The problem —
Images are not part of the copy; transcribe all the data exactly.

Short descriptive text snippets
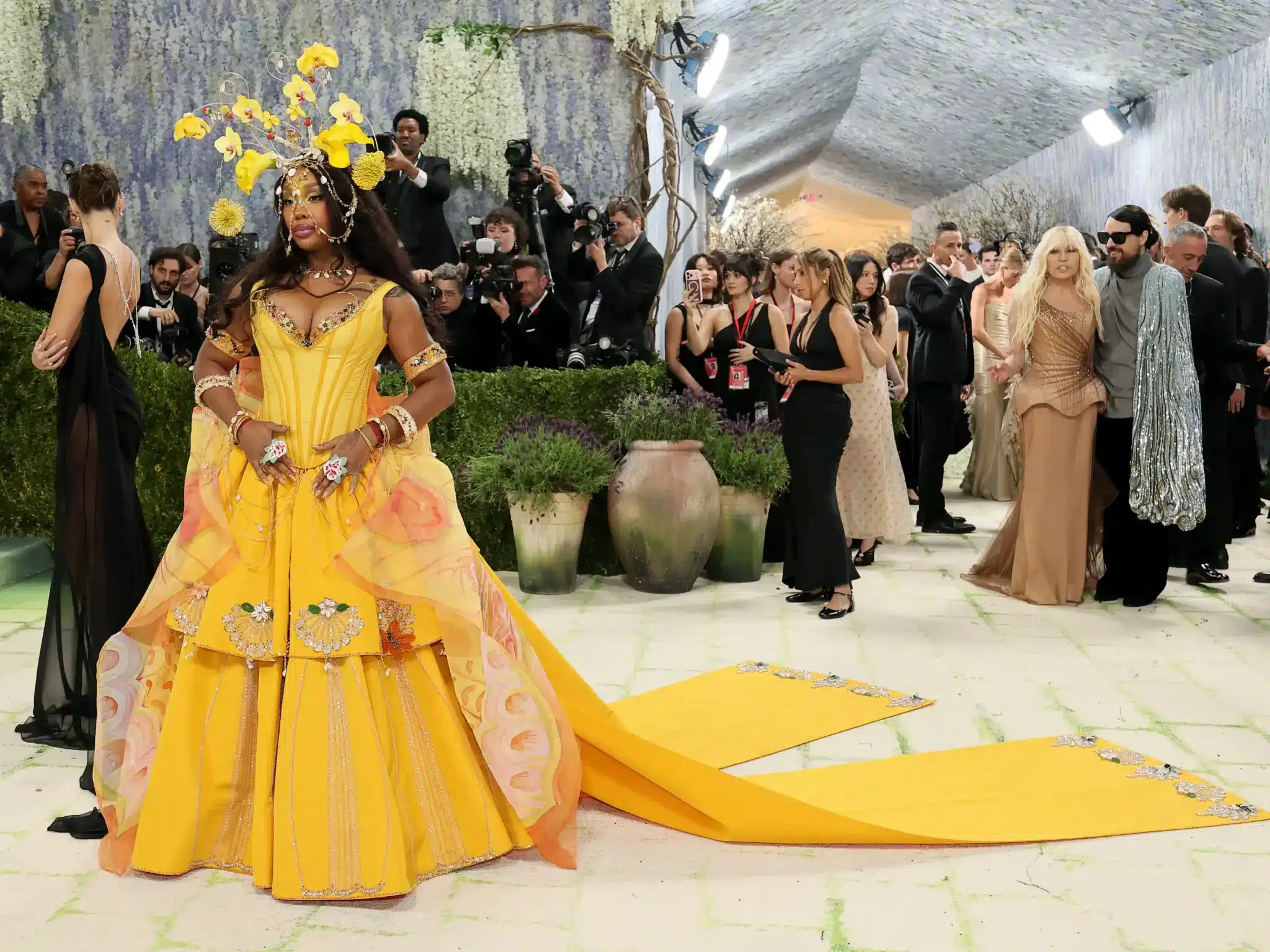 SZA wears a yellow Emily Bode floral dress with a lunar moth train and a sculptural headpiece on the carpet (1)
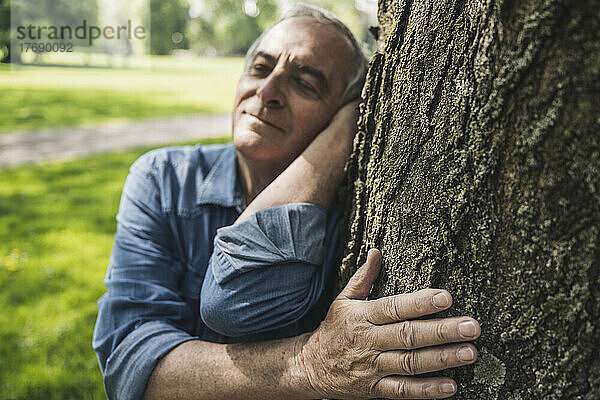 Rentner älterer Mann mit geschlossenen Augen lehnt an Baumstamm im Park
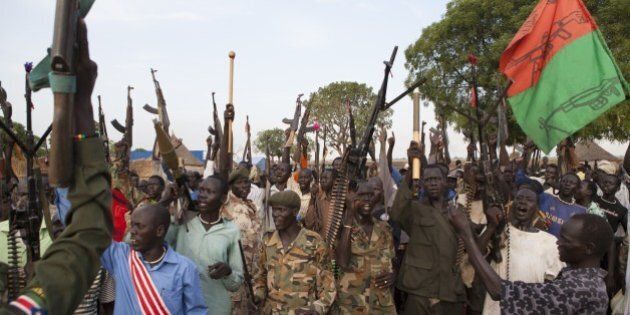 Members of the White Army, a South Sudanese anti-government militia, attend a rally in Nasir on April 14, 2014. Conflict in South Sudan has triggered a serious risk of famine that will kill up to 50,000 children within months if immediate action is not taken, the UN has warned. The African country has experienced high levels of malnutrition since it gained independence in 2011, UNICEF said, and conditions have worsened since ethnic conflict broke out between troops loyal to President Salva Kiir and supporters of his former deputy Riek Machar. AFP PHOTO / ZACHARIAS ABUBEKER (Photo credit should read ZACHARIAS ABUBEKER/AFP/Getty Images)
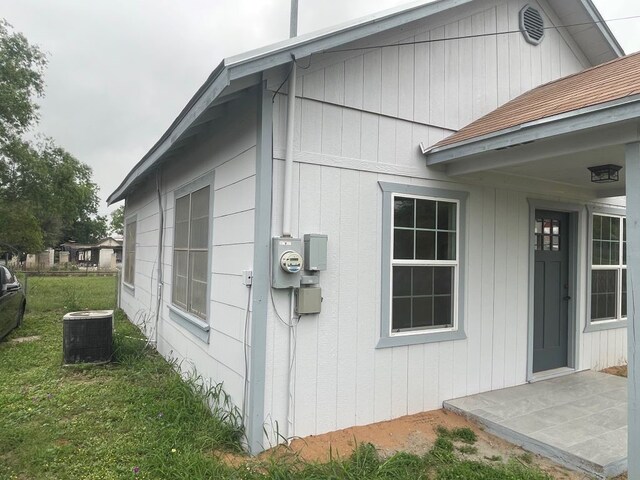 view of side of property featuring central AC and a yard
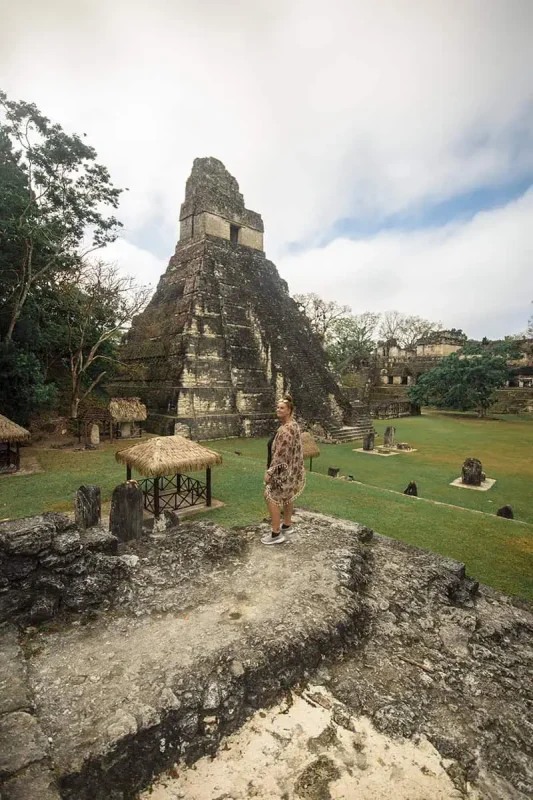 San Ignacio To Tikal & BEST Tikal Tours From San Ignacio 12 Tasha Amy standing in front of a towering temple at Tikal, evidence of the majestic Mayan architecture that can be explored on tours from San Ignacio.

Result of this exercise —
 SZA wears a yellow Emily Bode floral dress with a lunar moth train and a sculptural headpiece on the carpet (1)
 Rentner älterer Mann mit geschlossenen Augen lehnt an Baumstamm im Park
 Members of the White Army, a South Sudanese anti-government militia, attend a rally in Nasir on April 14, 2014. Conflict in South Sudan has triggered a serious risk of famine that will kill up to 50,000 children within months if immediate action is not taken, the UN has warned. The African country has experienced high levels of malnutrition since it gained independence in 2011, UNICEF said, and conditions have worsened since ethnic conflict broke out between troops loyal to President Salva Kiir and supporters of his former deputy Riek Machar. AFP PHOTO / ZACHARIAS ABUBEKER (Photo credit should read ZACHARIAS ABUBEKER/AFP/Getty Images)
 view of side of property featuring central AC and a yard
 San Ignacio To Tikal & BEST Tikal Tours From San Ignacio 12 Tasha Amy standing in front of a towering temple at Tikal, evidence of the majestic Mayan architecture that can be explored on tours from San Ignacio.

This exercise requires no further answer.